OPT(4:4): Type of calculation
'S' for Snapshot.
FIELDS must be run afterwards to convert the '.GRN' file to a '.SHD' file containing the pressure field. The shade file can then be plotted using PLOTSHD.
'R' for Range stack (horizontal array).
The time series is written in a '.RTS'(Receiver Time Series) file which can be plotted using PLOTTS
'D' for Depth stack (vertical array).
The resulting time series can also be plotted using PLOTTS.
Additional lines:
(1) - SOURCE PULSE INFORMATION:
Syntax: PULSE
FMIN FMAX
Description:
PULSE(1:1): Type of interpolation to be used for the SSP
'P' Pseudo-Gaussian
'R' Ricker wavelet
'A' Approximate Ricker wavelet
'S' Single sine
'H' Hanning weighted four sine
'N' N-wave
'G' Gaussian
'F' From a '.STS' (Source Time Series) file.
'B' From a '.STS' file Backwards
PULSE(2:2): Hilbert transforming.
'H' perform a Hilbert transform of the source
'N' don't
Hilbert transforming is used to eliminate
the left travelling wave.
PULSE(3:3): Source sign flipping.
'+' don't flip it (recommended)
'-' flip it
PULSE(4:4): Source filtering.
'L' low cut filter
'H' high cut filter
'B' both high and low cut filter
'N' no cut
FMIN: Low cut frequency (Hz)
FMAX: High cut frequency (Hz).
This should be no higher than necessary since the runtime is proportional to the bandwidth.
(3) - RECEIVER RANGES
Syntax: NRR
RR(1:NRR)
Description:
NRR: Number of receiver ranges
RR(): Receiver ranges (km)
This line is ignored unless option 'R' has been selected for a
range-stack.
(3) - OUTPUT TIMES
Syntax: NTOUT
TOUT(1:NTOUT)
Description:
NTOUT: Number of output times
TOUT(): Output times (s)
(3) - TIME INTEGRATION PARAMETERS
Syntax: TSTART TMULT ALPHA BETA V
Description:
TSTART: Starting time for the march.
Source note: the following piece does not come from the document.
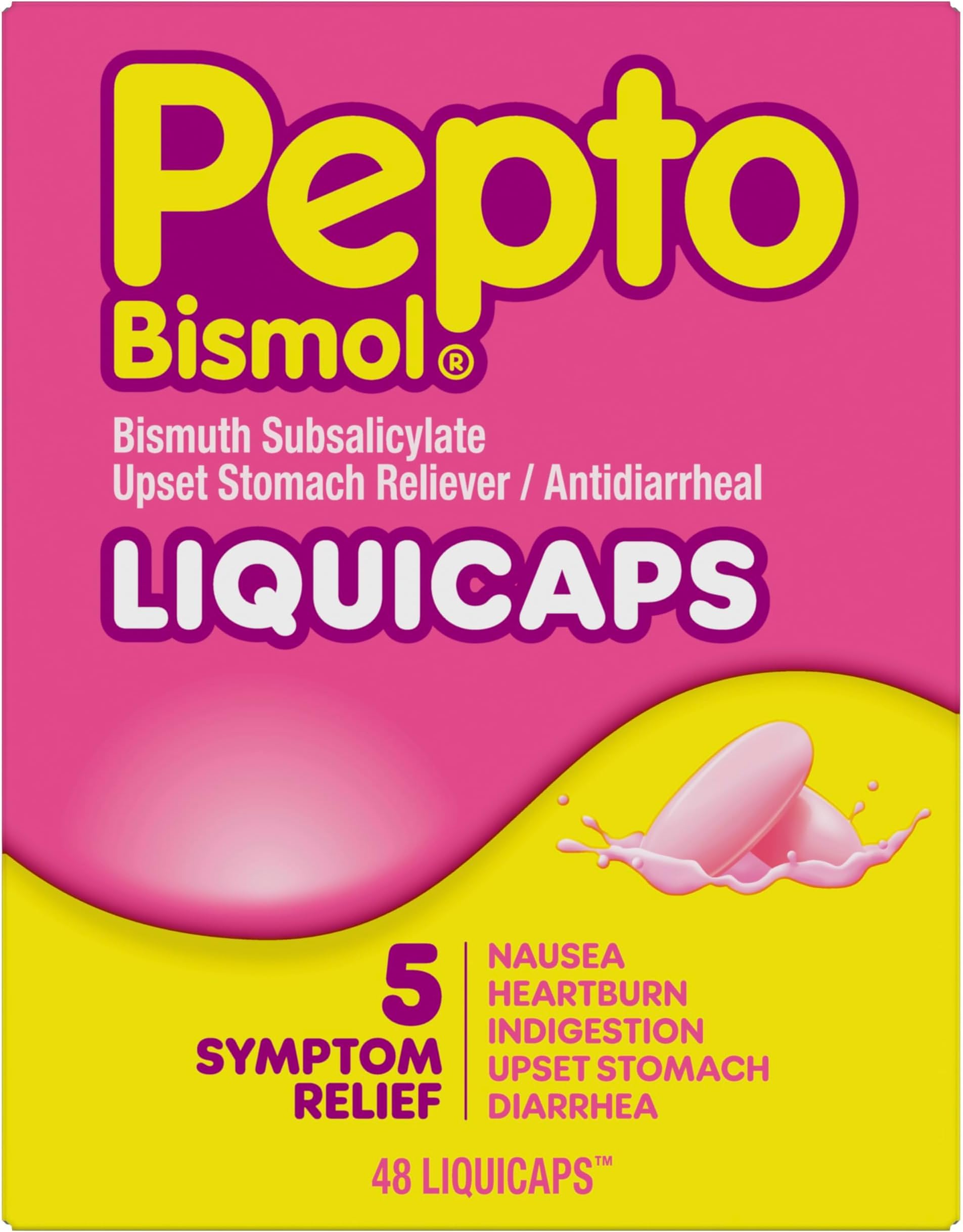Pepto Bismol Liquicaps, Upset Stomach Relief, Nausea Relief, Heartburn Relief, Indigestion Relief, Anti Diarrhea Medication for Adults - 5 Symptom Fast Relief, No Flavor, 48 ct (Pack of 12)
This should always be earlier than the time at which the source begins to rise.
TMULT: Time step multiplier. Specifying TMULT = 1.0 means that the maximum stable time step is used.
ALPHA: Lumping parameter
BETA: Explicitness parameter
V: Convection velocity
A good check of convergence can be done by running an isovelocity problem with a gaussian pulse. The pulse should, of course, be undistorted at the receivers. Remember that Hilbert transforming the source causes it to rise early so TSTART has to be adjusted accordingly.
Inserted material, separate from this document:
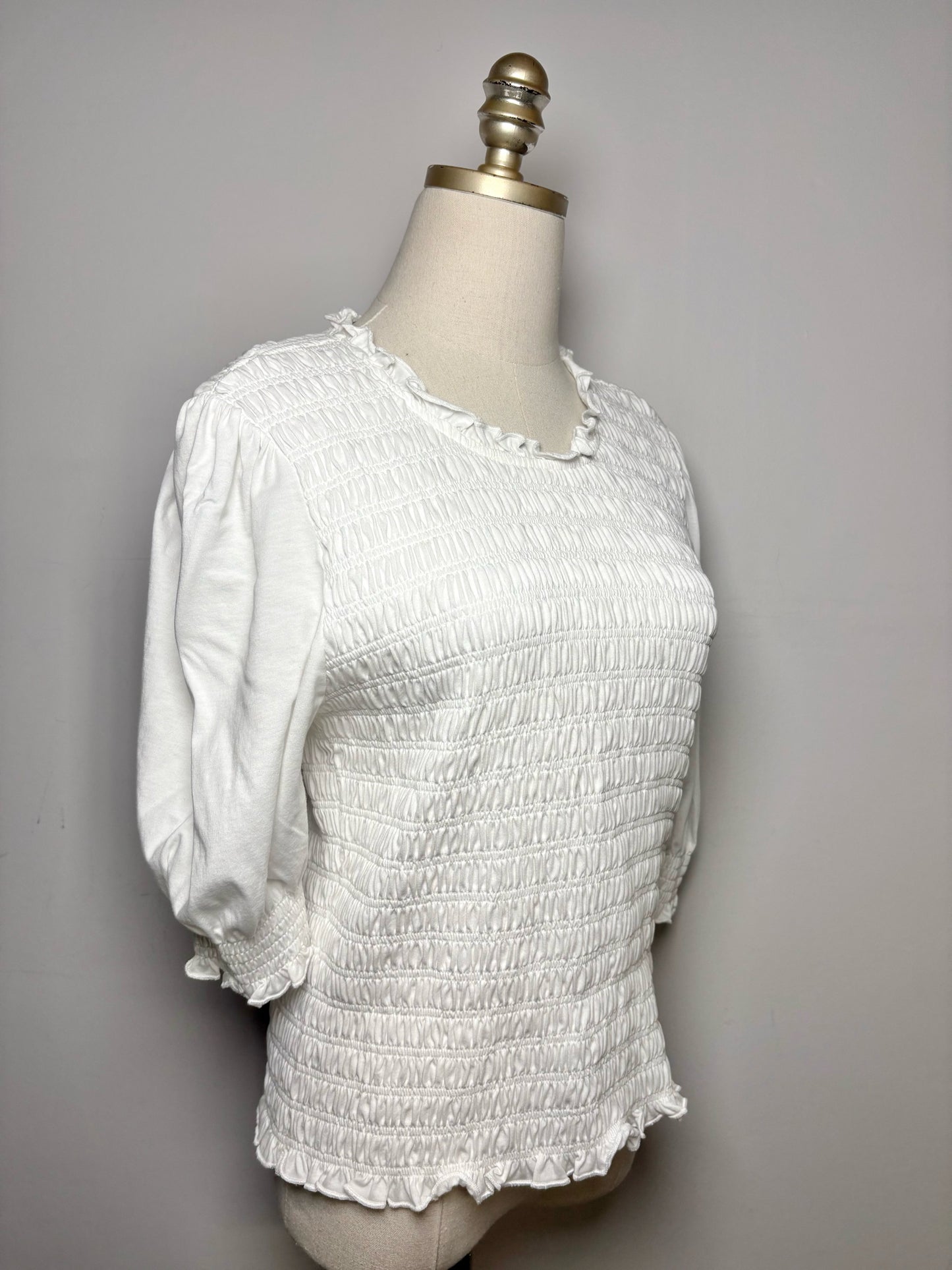 Women's Size L Veronica Beard Langston White Pure Cotton NWT Pre-Owned Top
It's a good habit to plot the source function using PLOTTS before running SPARC. This is done by providing the same source information to PLOTTS that is used to drive SPARC. Thus, if you are using a pseudo-gaussian pulse in SPARC you specify a pseudo-gaussian in PLOTTS and look at the time series.